--- Given data ---
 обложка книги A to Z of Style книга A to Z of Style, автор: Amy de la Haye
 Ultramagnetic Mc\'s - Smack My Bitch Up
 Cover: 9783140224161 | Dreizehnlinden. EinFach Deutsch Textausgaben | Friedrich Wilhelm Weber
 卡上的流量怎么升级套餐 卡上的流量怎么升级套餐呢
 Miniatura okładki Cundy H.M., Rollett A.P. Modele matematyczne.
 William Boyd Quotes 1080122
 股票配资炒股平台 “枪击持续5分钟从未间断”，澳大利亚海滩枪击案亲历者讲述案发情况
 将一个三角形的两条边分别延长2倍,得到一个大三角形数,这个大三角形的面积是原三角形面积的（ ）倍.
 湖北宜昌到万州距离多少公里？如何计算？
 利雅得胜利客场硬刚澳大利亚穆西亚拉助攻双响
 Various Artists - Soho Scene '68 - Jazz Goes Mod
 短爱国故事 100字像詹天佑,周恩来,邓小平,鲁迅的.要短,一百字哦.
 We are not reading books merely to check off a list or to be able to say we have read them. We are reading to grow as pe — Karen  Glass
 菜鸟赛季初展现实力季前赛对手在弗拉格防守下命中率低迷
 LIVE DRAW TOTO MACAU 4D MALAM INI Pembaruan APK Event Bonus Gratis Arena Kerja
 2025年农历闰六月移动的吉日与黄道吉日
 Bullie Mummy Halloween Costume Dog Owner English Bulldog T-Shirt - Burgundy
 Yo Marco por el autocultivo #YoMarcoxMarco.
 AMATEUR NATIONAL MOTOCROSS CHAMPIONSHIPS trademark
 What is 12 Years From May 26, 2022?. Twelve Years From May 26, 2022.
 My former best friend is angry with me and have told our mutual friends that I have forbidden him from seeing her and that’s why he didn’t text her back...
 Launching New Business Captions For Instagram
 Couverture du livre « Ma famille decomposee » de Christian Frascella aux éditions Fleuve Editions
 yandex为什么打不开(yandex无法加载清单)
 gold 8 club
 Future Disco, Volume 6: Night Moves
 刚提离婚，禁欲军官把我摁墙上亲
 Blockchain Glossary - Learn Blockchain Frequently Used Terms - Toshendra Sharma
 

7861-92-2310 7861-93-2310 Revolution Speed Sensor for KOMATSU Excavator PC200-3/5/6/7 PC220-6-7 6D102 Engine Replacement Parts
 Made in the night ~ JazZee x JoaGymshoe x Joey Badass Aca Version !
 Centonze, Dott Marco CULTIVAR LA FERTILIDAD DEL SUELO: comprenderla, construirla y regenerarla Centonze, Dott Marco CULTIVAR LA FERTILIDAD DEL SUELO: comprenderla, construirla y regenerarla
---
◆ **Exercise goal**
How many lines in the records above contain the word "have"? Answer with the number alone.

◆ **Worked solution**
2